For small tasks, I prefer starting fresh. For big tasks, keep a plan file, compact aggressively, and make sure the durable memory is outside the chat. The source of truth should be the plan, the tests, the code, and the documentation, not the chat itself.

The model can talk to itself for a while, and that can improve the answer. Reasoning tokens exist because of that. But there is a sweet spot: more thinking does not always improve the result, and faster answers are not automatically better either.

The useful question is less "how do I make the model faster?" and more "what is the minimum reasoning path that still gives me a good answer for this task?"

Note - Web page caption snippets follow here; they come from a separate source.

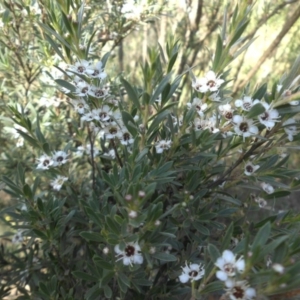 Kunzea ericoides at Majura, ACT - 21 Dec 2014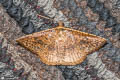 Striglina castaneata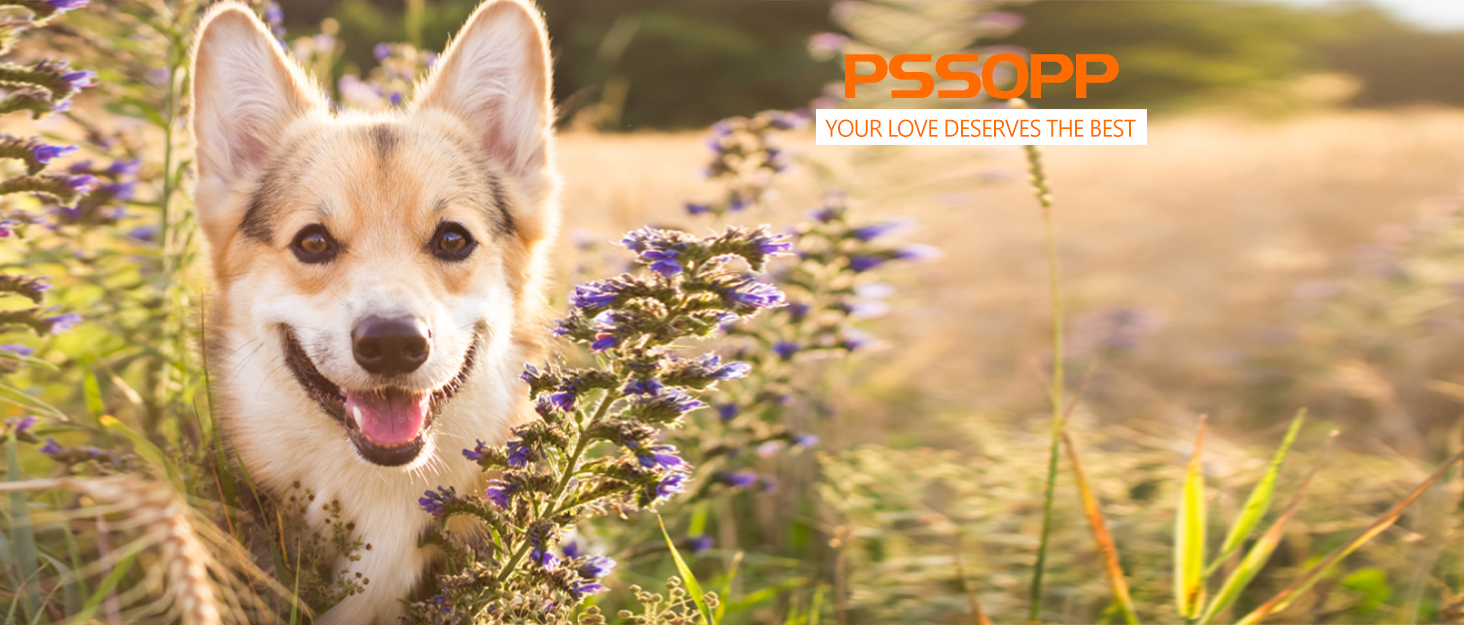 Транспортна сумка для собак і котів, складна переноска для тварин, чорна (L)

Sometimes you want the model to think deeply; other times you want a small deterministic edit and nothing else. The skill is knowing which mode you are asking for.

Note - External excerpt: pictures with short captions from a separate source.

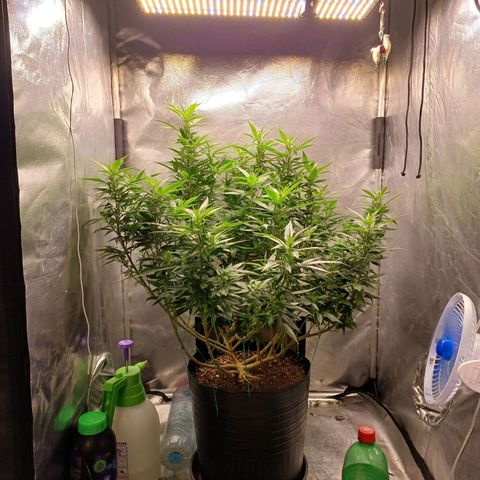 Branquinho 47 growlog timeline photo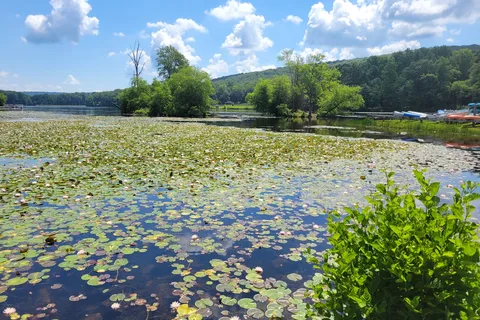French Creek State Park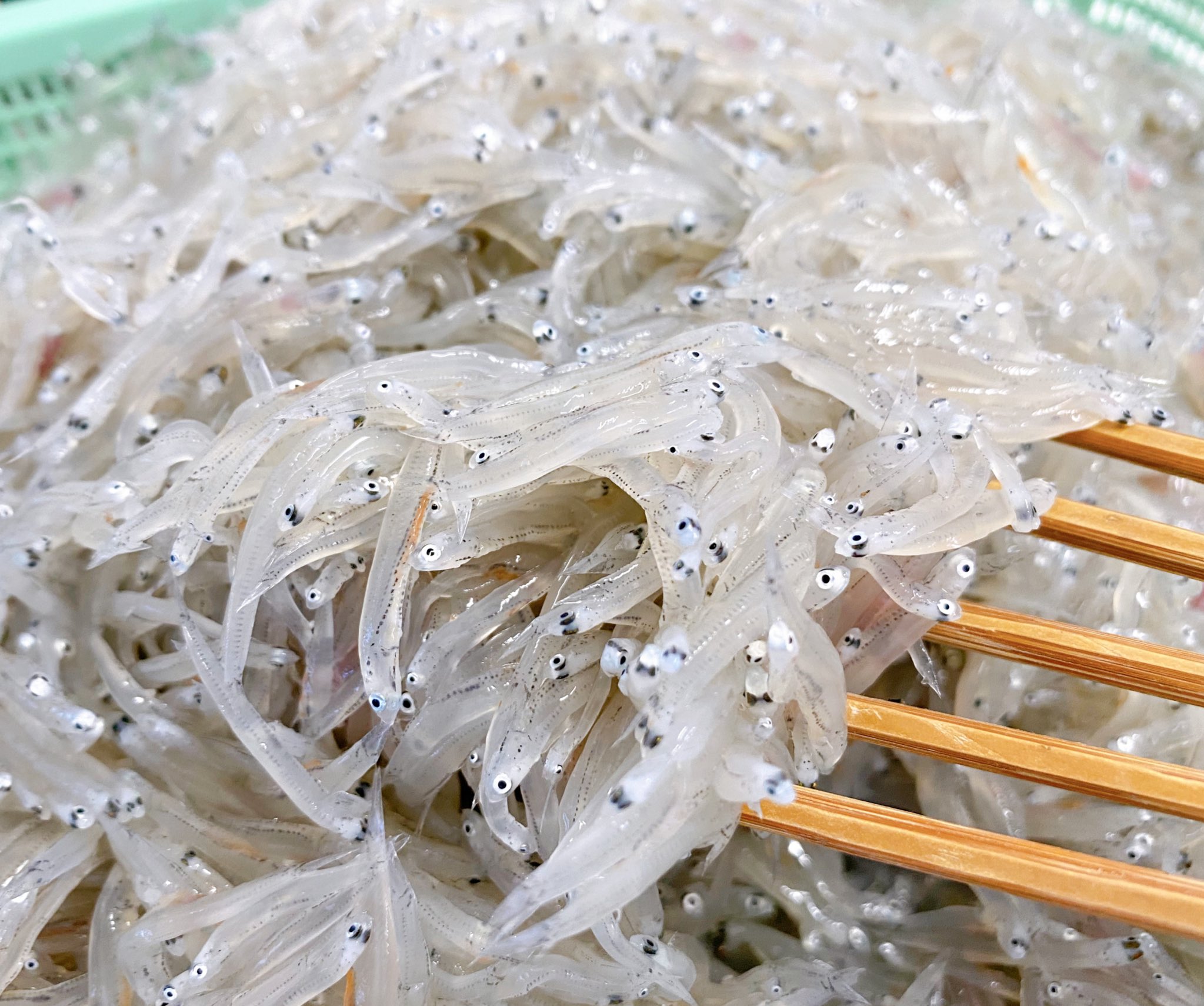 しらす•*¨*•.¸♬︎ 瑞穂丸・瑞穂水産直売所 on X: 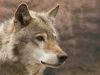 night_wolf!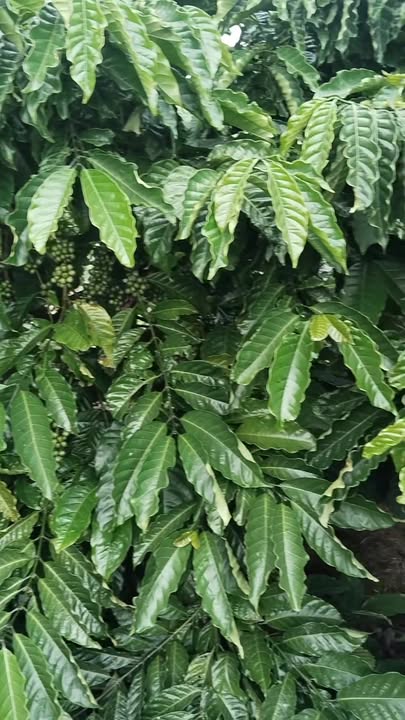 Đất nông nghiệp Phúc Thọ, Lâm Hà 7300m² giá 2.45 tỷ - Pháp lý rõ ràng!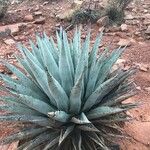 Agave macroacantha Ліст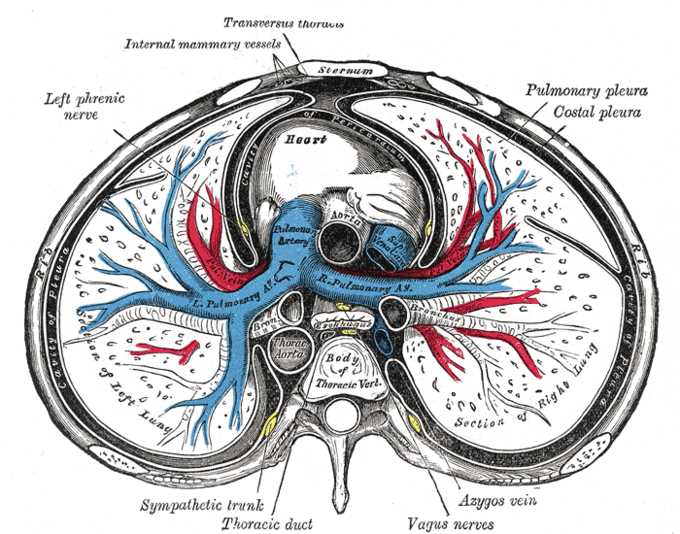 schematic diagram of pericardium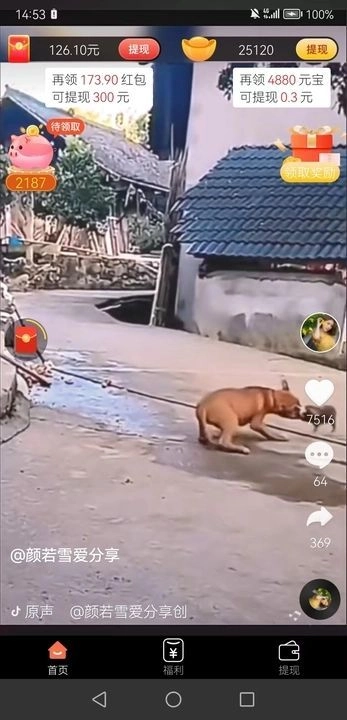 柴卡喵直装版图1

[So, should we use AI to code?](#so-should-we-use-ai-to-code)

Yes, but not as a replacement for engineering. Use it to move faster. Use it to explore. Use it to generate tests. Use it to refactor boring code. Use it to critique your own work. Use it to build small tools that would otherwise not exist. Use it to turn vague ideas into prototypes. Use it to make yourself more ambitious.

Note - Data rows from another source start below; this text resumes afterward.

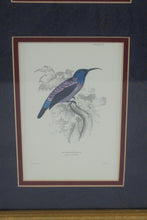 Load image into Gallery viewer, Vintage Hummingbird and Sunbird Natural History Prints Framed Gold 9 x 20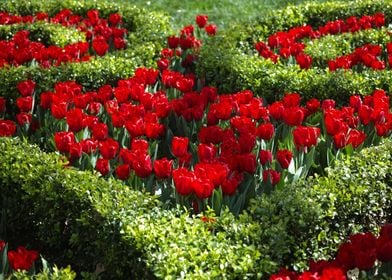 Red Tulip Splendour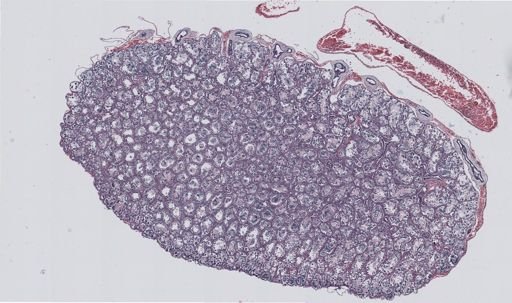 Rana clamitans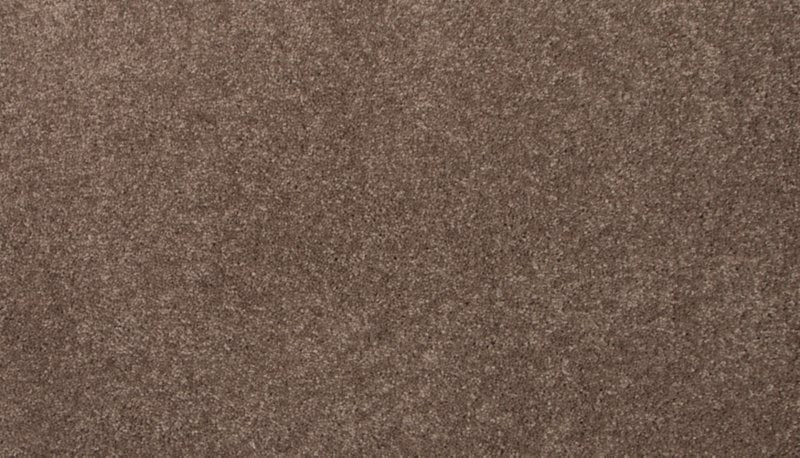 Mohawk Flooring Tender Moment II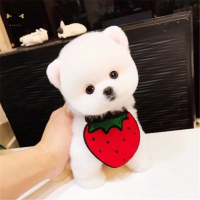 麦比佳 宠物狗狗活体博美犬幼犬活体哈多利系球体博美俊介狗狗小体玩具型血统级长不大 茶杯犬 纯白色黄色博美狗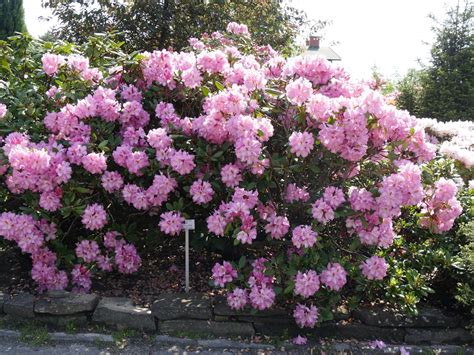 Zielono Zakręceni Różanecznik Rhododendron Lavender Princess 24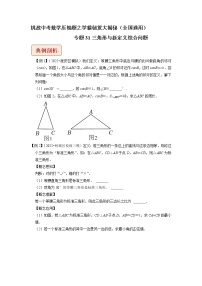 专题31三角形与新定义综合问题-挑战中考数学压轴题之学霸秘笈大揭秘（全国通用）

Just don't use it as an excuse to stop understanding. The worst version of AI-assisted programming is a developer prompting changes into a codebase they no longer understand, trusting green tests that don't mean much, and accumulating abstractions that nobody would have written by hand.

The version that makes sense to me is the one where the developer still owns the architecture, still owns the trade-offs, still reads the important parts, still writes or reviews the tests, still simplifies, still deletes, still asks whether the thing should exist at all.

The code may be generated by the model, but the responsibility is still yours. Maybe I have not written a line of code in five months, but I have been coding in another place: in the architecture, in the prompts, in the tools, in the tests, in the refactors, in the shape of the context, and in the taste required to decide when the machine is right and when it is just confidently producing slop.

[Me again](#me-again)

This part is no longer generated by AI from the presentation transcript. I just wanted to add that, depending on the day, I feel bullish or bearish on AI: [https://notas.grod.es/the-rain-spell](https://notas.grod.es/the-rain-spell). Some days I feel excited about the future we are building with it, and other days I feel honestly depressed about it. I am still not convinced about what that future will look like, or even whether at some point I will decide to reject AI completely and go back to writing all code by myself.

And just for fun, sometimes I ask AI to "harshly criticize" the work I do, here is what it said about this "article":

It is a bit too forgiving of AI-assisted coding. The article says responsibility remains with the engineer, but it underplays the real danger: once you stop reading most of the generated code, you can easily become a manager of slop instead of a programmer. The "LLMs raise you one or two levels" idea is useful, but also risky, because in weak areas the model may only make bad judgment look more convincing. The incident-bot section is the strongest because it admits the real problem is bad observability, not lack of AI. I would make the article more suspicious of its own excitement.